Re: [PATCH 2/2] drivers: edac: Add EDAC support for Kryo CPU caches

Borislav Petkov <bp@xxxxxxxxx> · Mon, 30 Dec 2019 12:50:30 +0100

On Thu, Dec 05, 2019 at 09:53:18AM +0000, Sai Prakash Ranjan wrote:
> Kryo{3,4}XX CPU cores implement RAS extensions to support
> Error Correcting Code(ECC). Currently all Kryo{3,4}XX CPU
> cores (gold/silver a.k.a big/LITTLE) support ECC via RAS.

via RAS what? ARM64_RAS_EXTN?

In any case, this needs James to look at and especially if there's some
ARM-generic functionality in there which should be shared, of course.

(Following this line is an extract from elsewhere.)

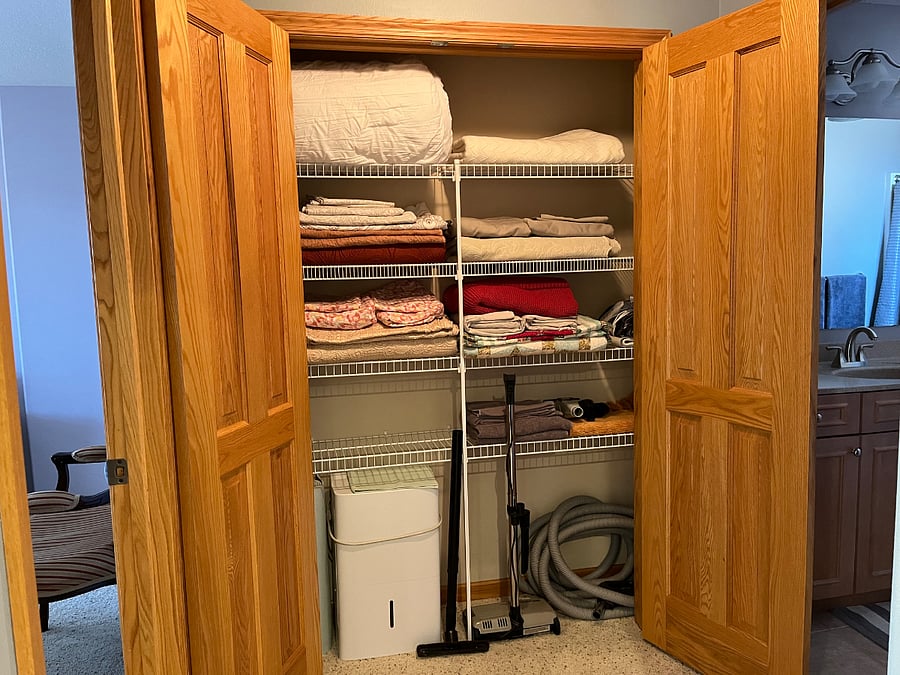 Linen closet between the main bedroom and bathroom.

> This adds an interrupt based driver for those CPUs and

s/This adds/Add/

> provides an optional polling of error recording system
> registers.
> 
> Signed-off-by: Sai Prakash Ranjan <saiprakash.ranjan@xxxxxxxxxxxxxx>
> ---
>  MAINTAINERS                   |   7 +
>  drivers/edac/Kconfig          |  20 +
>  drivers/edac/Makefile         |   1 +
>  drivers/edac/qcom_kryo_edac.c | 679 ++++++++++++++++++++++++++++++++++
>  4 files changed, 707 insertions(+)
>  create mode 100644 drivers/edac/qcom_kryo_edac.c
> 
> diff --git a/MAINTAINERS b/MAINTAINERS
> index c2d80079dccc..f58c93f963f6 100644
> --- a/MAINTAINERS
> +++ b/MAINTAINERS
> @@ -6049,6 +6049,13 @@ L:	linux-edac@xxxxxxxxxxxxxxx
>  S:	Maintained
>  F:	drivers/edac/qcom_edac.c
>  
> +EDAC-KRYO-QCOM
> +M:	Sai Prakash Ranjan <saiprakash.ranjan@xxxxxxxxxxxxxx>
> +L:	linux-arm-msm@xxxxxxxxxxxxxxx
> +L:	linux-edac@xxxxxxxxxxxxxxx
> +S:	Maintained
> +F:	drivers/edac/qcom_kryo_edac.c
> +
>  EDIROL UA-101/UA-1000 DRIVER
>  M:	Clemens Ladisch <clemens@xxxxxxxxxx>
>  L:	alsa-devel@xxxxxxxxxxxxxxxx (moderated for non-subscribers)
> diff --git a/drivers/edac/Kconfig b/drivers/edac/Kconfig
> index 417dad635526..cd78ac2917c9 100644
> --- a/drivers/edac/Kconfig
> +++ b/drivers/edac/Kconfig
> @@ -508,6 +508,26 @@ config EDAC_QCOM
>  	  For debugging issues having to do with stability and overall system
>  	  health, you should probably say 'Y' here.
>  
> +config EDAC_QCOM_KRYO
> +	tristate "QCOM Kryo EDAC for CPU L1/L2/L3-SCU caches"
> +	depends on ARCH_QCOM && ARM64_RAS_EXTN
> +	help
> +	  Support for Error detection and correction on Kryo Gold and Silver CPU
> +	  cores with RAS extensions. Currently it detects and reports all Single
> +	  Bit Errors (SBEs) and Double Bit Errors (DBEs).
> +
> +	  For debugging issues having to do with stability and overall system
> +	  health, you should probably say 'Y' here.
> +
> +config EDAC_QCOM_KRYO_POLL
> +	depends on EDAC_QCOM_KRYO
> +	bool "Poll on Kryo ECC registers"
> +	help
> +	  This option chooses whether or not you want to poll on the Kryo ECC
> +	  registers. When this is enabled, the polling rate can be set as a
> +	  module parameter. By default, it will call the polling function every
> +	  second.

Why is this a separate option and why should people use that?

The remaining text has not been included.